Copying Evolution Will Give Us Better Computers

An interesting thing about how your brain works is you store information in a multi-layered manner. If I said, “How was your commute to work?,” you’d give me one answer. If I say, “Were there any crazy drivers this morning?,” you would give a different answer. You don’t have to go back and essentially run the tape all the way through your journey to figure out these things. Today’s [machine-learning] systems have to do that. That’s partly because of the way that we’ve constructed them. It’s partly because we don’t necessarily understand how human beings store information well enough to copy that kind of stuff. If we can build a neuromorphic system that models the brain, then not only do we help understand the brain, but we can then possibly find better applications for the neuromorphic system because we’ve managed to essentially copy the way that evolution has figured out how to do something.
The Next Step in AI: Navigating Chaos

The very first inklings of AI were really rule-based. That turns out to be a very good match for conventional computing, where you process one instruction at a time. But eventually you run out of the ability to tackle problems because, frankly, our behavior is not completely rule-based. And current AI has essentially no notion of time. There’s nothing that would be the equivalent of an event and a trigger. Neuromorphic [computing] is an example of going one step further and saying, “Alright, what if I build time into the processor?” That notion of time and interaction and feedback is an important advance beyond what we’ve been able to do today. A neuromorphic computing system might be able to simulate a chaotic system more readily than conventional computing. There are a number of things that are chaotic at some level. Traffic is an example. Weather is an example. There are countless decisions you make every day where you are balancing multiple constraints and maybe don’t find the perfect answer, but you find a good enough answer quickly.

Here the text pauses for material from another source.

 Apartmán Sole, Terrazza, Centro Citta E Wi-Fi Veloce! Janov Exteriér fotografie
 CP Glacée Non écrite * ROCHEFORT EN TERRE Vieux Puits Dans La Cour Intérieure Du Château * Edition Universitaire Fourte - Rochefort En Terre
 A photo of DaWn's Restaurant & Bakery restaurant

Well, that’s exactly the kind of thing that we think we could do with these kinds of systems—that we can essentially pose the problem of navigating through obstacles and finding a good enough route more quickly, with less computational effort, than the exhaustive trial with different combinations.

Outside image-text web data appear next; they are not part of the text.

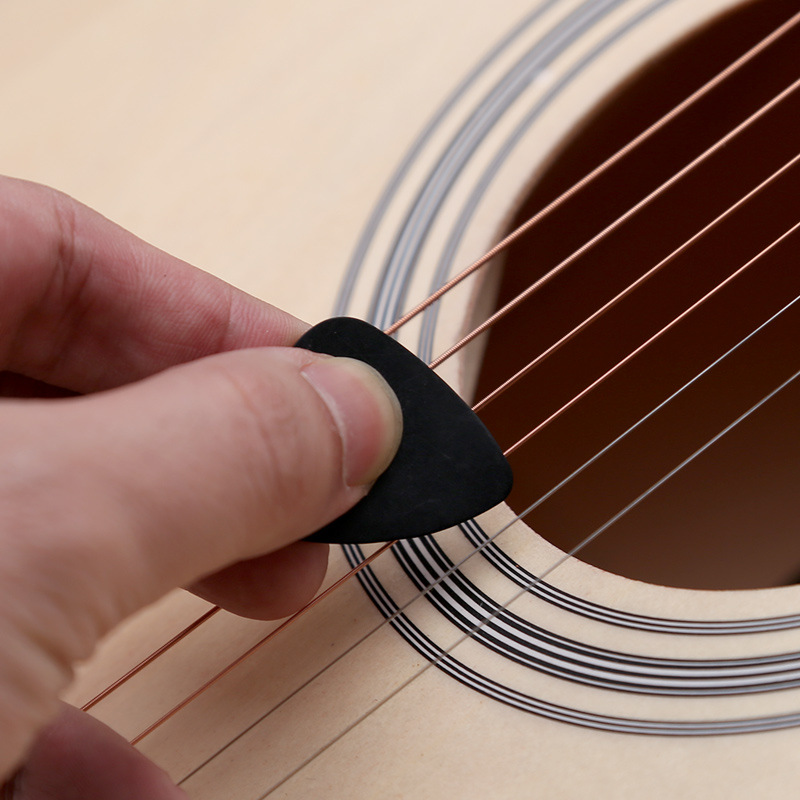 Standard Guitar Pick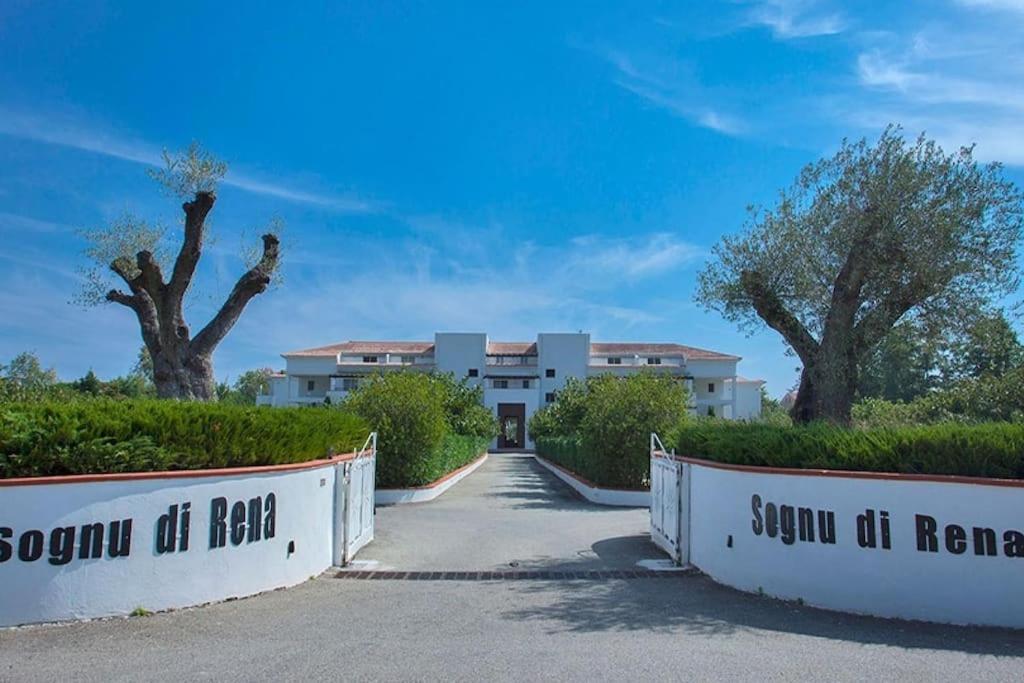 En Bord De Avec Piscine Apartment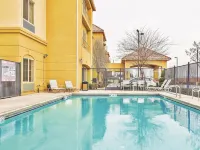 La Quinta Inn & Suites by Wyndham Fresno Northwest - Pools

Quantum Computers Are a Decade Away (With One Big Caveat)

We say [we’re] about 10 years away [from widespread quantum computing use]. When we started three years ago, we said about a dozen years with a pretty big error bar. There will be people that will say, “Well, we’ll have systems sooner than that,” and I would agree with that. But those systems are not necessarily big enough to solve the kinds of problems that people are really interested in doing. We intend to build an engineering-scale system in the next few years. Maybe in the 500-, 1,000-qubit range. If you want to simulate a drug molecule, you’re going to need qubits in the millions. It’s obviously difficult to predict that a better way to simulate a drug will make a better drug. Today the best way to figure out if a drug works is to make the drug and test it. When we’re successful with quantum computing, we can start to simulate things that we can only do experiments on today. That will accelerate the rate that we can look through different materials. That doesn’t guarantee we’ll have a better material, but it helps the front end of the process.